# 7-27: My first Tarpon!!!



## backwaterbandits (Dec 15, 2006)

Way to Go Sophie T!!!!! [smiley=1-thumbsup2.gif]


----------



## axe11924 (Jul 27, 2008)

Very cool [smiley=cool2.gif] my first on Fly was that size. Very fun indeed.


----------



## Gramps (Nov 1, 2007)

Way to go! Those little guys are a ton of fun eh?


----------



## iMacattack (Dec 11, 2006)

Cute little poon! Congrats! You and Garry should come down here in a few months. I'll get you two on some of my local rod busters!

Cheers


----------



## HaMm3r (Dec 11, 2006)

Congrats on the tarpon! [smiley=1-beer-german.gif] That guy is exacly the size I'm looking for on fly.


----------



## axe11924 (Jul 27, 2008)

Those are the fun size on Fly for sure HaMm3r. I've been finding them in the creeks around Vero with small Black/Purple or Red/Black Flies.


----------



## fishgitr (Feb 18, 2008)

Congrats!! Good luck in your snook hunt.


----------



## deerfly (Mar 10, 2007)

thats way cool, kinda cute too isn't he.  
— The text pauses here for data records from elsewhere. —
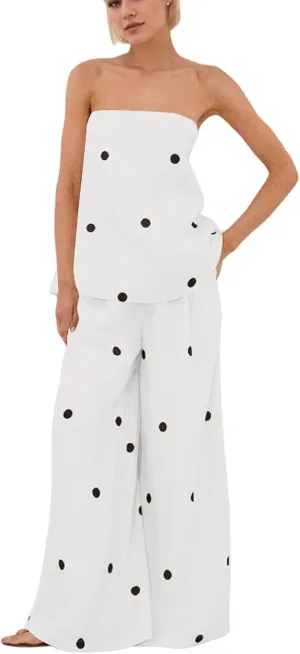 Women 2 Piece Outfits Polka Dot Summer Pants Set Strapless Tube Top High Elastic Waist Wide Leg Pants Lounge Sets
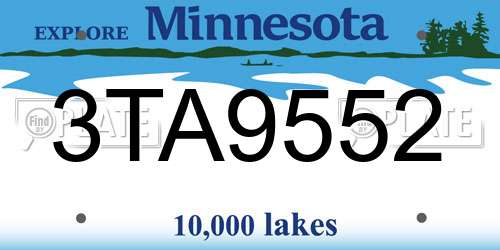3TA9552 Minnesota License Plate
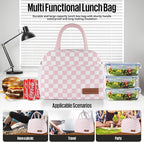 douyadady Lunch Bag Women/Men Lunch Box Women/Men (Pink+White Checkerboard)
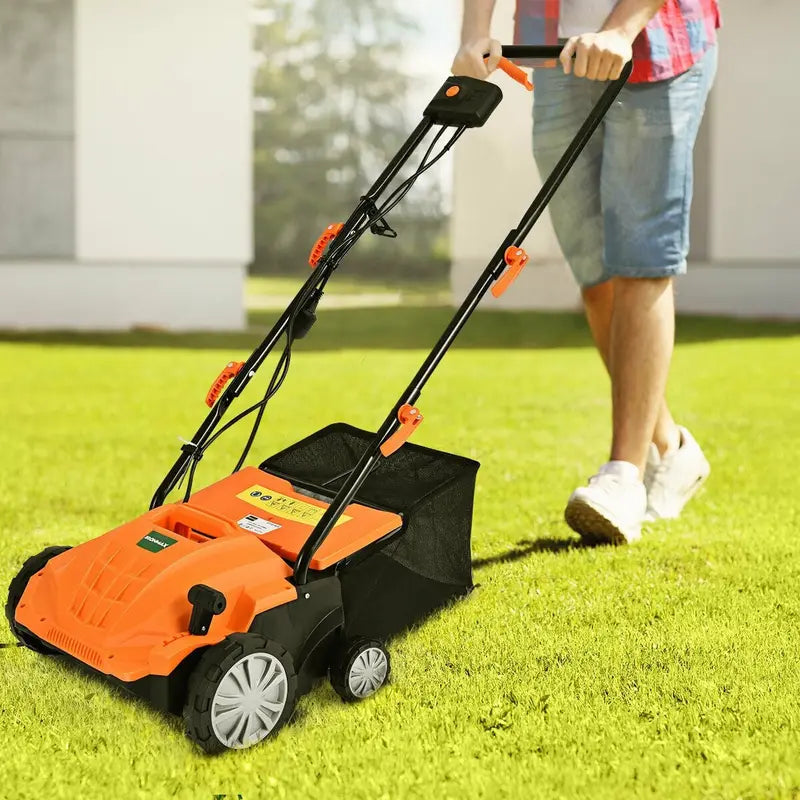 2-in-1 Electric Lawn Dethatcher & Weeder – 12-Amp, 3-Depth Adjustable Tool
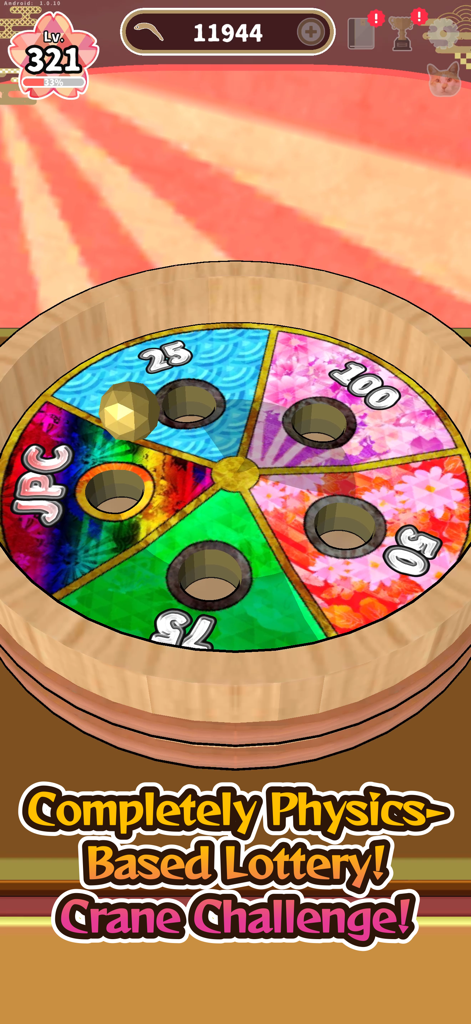 Jako Collection - A colorful 3D physics based lottery wheel with a golden orb in the Jako Collection mobile game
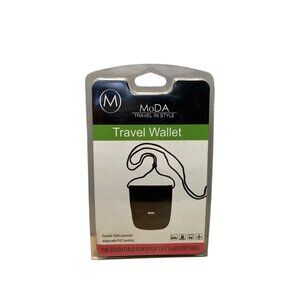 MoDA Travel Wallet Black Durable Adjustable Strap Versatile Bi-Fold Design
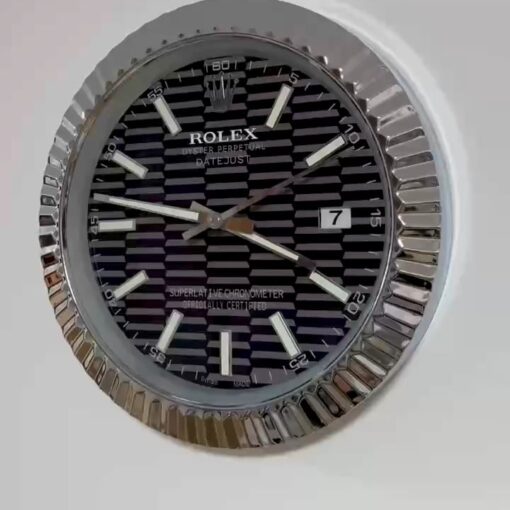 DATEJUST – ROSE SILVER – BLACK – 2 EDITION 35 CM DELUXE METAL WALL CLOCK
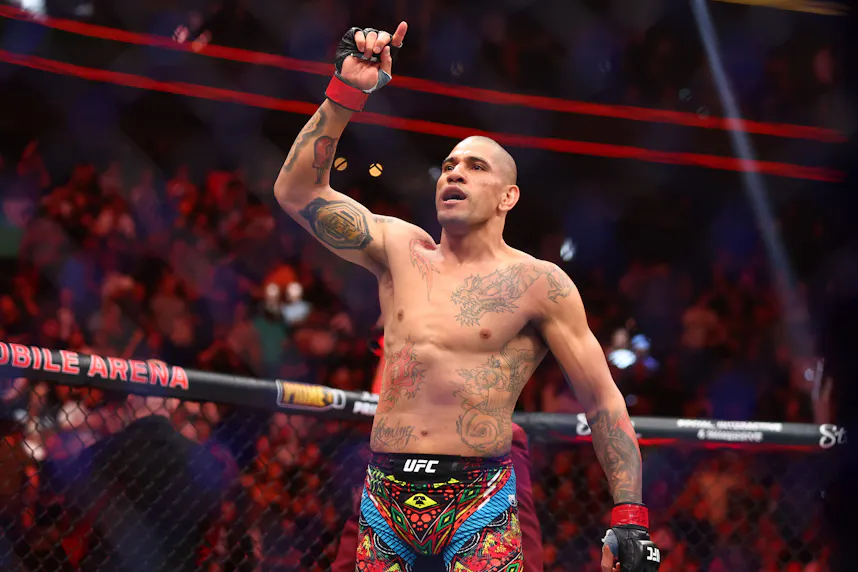 Alex Pereira reacts after defeating Jamahal Hill during UFC 300 as we look at our UFC 307 predictions.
be warned, snook fishing will ruin you for anything else. Between trying to break the mysterious spells of lock jaw and staying up all night fishing for them will drive you mad. Funnest fish there is when you're in em though.


----------



## choppercity47 (Jul 30, 2007)

Snook are biting in the heat right now, saw and caught some in haulover last week, but got bigger ones around 3pm friday as well as tarpon in the incomming tide inshore of ponce inlet on live shrimp freelined, as well as topwaters.


----------



## Apollobeachsam (Dec 14, 2006)

congrats!

Next summer I need you and garry to get over here so we can you on 100lb + fish..


----------



## hankG (Jul 1, 2008)

You never forget your first Tarpon.

I got lucky last year and caught my first Pacific Tarpon on fly.
ABS helped me get my first Flamingo Tarpon. I remember it like it was this am.
Nice job on the poon now go get that first snook.


----------



## fishgazam (Dec 12, 2006)

Gary you got the cuteist lil fishin partner............... and she can fish too. wow!

Nice lil bb tarpon Sophie!

AC


----------